L’armée suédoise de Gustave Adolphe (1629-1632)
L’année 1630 marque un tournant dans la guerre de Trente ans : un grand capitaine, Gustave Adolphe va transformer la manière de combattre. Fort des enseignements d’Henri IV et de Maurice de Nassau, et de sa propre expérience acquise lors des guerres contre la Russie et la Pologne, le roi de Suède sera l’homme des synthèses.
Gustave Adolphe n’a pas révolutionné l’art de la guerre, mais il a su faire la synthèse parfaite des enseignements de son époque. Il a intégré les petites formations d’infanterie, s’inspirant des petits bataillons huguenots et des bataillons de Maurice de Nassau, et repris à son compte les habitudes de Coligny et Henri IV, d’intercaler des petites formations de mousquetaires commandés entre leurs escadrons de cavalerie. Il a parfaitement pris à son compte les enseignements de Nassau et de Billon en organisant des brigades d’infanterie à 3 bataillons : Le Roi de Suède avait rangé son armée sur deux lignes, avec un corps de réserve. (…) La première ligne était composée au centre de petits bataillons bien plus faciles à se mouvoir, & à se rallier que ceux de Tilly, dira Arkenholz dans son Histoire de Gustave Adolphe. Quant à la cavalerie, il a cherché à privilégier le choc, à l’instar des Condé, Coligny et Henri IV. Mais Gustave Adolphe ne s’est pas contenté de ces enseignements. Il a su les améliorer grâce à quelques apports personnels. Les deux principaux en sont le feu de salve – ne tirez votre coup que lorsque vous aurez joint l’ennemi d’assez près pour lui voir le blanc des yeux, dira Gustave Adolphe à ses mousquetaires, à Breitenfeld – et le petit canon de bataillon de 3 livres – Gustave fit avancer ses canons de cuir bouilli qui, tirant de près & fort vite, firent un effet étonnant (Arkenholz décrivant la bataille de Breitenfeld). Tournant la page des tâtonnements de ses prédécesseurs, de Maurice de Nassau à Christian IV du Danemark, le Roi de Suède parviendra à faire des armées protestantes une implacable machine.

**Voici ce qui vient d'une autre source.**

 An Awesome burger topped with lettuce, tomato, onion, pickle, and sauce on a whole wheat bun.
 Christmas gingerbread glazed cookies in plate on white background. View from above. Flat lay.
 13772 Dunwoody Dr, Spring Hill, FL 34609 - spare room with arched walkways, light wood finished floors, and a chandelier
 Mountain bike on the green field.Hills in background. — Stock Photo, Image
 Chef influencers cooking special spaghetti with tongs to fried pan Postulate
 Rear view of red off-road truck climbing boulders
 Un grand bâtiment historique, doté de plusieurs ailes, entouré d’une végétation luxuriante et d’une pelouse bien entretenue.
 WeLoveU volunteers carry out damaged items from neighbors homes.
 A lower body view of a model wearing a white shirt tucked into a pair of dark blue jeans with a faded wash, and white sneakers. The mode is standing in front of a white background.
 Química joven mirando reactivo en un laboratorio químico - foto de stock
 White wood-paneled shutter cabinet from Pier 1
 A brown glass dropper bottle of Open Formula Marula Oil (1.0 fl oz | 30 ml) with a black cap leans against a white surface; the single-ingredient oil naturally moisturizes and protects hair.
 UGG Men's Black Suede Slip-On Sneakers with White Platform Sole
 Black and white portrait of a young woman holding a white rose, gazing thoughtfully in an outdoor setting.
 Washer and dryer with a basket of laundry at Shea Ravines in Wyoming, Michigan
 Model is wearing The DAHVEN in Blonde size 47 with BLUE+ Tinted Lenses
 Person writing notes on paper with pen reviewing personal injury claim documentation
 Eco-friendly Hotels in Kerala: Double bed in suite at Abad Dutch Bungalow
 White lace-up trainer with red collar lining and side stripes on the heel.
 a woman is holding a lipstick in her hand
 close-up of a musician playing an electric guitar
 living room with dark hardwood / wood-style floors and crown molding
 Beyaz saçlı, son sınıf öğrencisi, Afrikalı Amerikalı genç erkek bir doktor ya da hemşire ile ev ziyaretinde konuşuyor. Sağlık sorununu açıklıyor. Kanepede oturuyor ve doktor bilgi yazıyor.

L’infanterie suédoise comprend, en 1630-31, 16 régiments provinciaux comptant 8 à 11 compagnies – Uppland, Närke-Värmland, Södermanland, Östgötaland, 3 régiments pour Småland, Västmanland, Dalarne, Västerbotten, Helsingland-Gestrikland, Ångermanland, 3 régiments pour Västgötaland et Österbotten plus 8 régiments et 4 compagnies finnois – 2 régiments pour Åbolän-Björneborg, 3 régiments pour Tavastehus-Nyland, 3 régiments pour Viborg-Nyslott et l’escadron du colonel Th. Kinnemunds. En 1634, le nombre de régiments d’infanterie à la disposition du Royaume de Suède est de 20 régiments à 8 compagnies, dont 7 recrutés en Finlande. À ces régiments provinciaux, s’ajoute le régiment des Gardes. La plupart de ces régiments iront en Allemagne où ils seront rapidement identifiés par le nom de leur colonel (Öfverste) plutôt que par leur province de recrutement. Le reste de l’infanterie de Gustave Adolphe sera composée de régiments mercenaires provenant des anciennes armées de Mansfeld et de Brunswick.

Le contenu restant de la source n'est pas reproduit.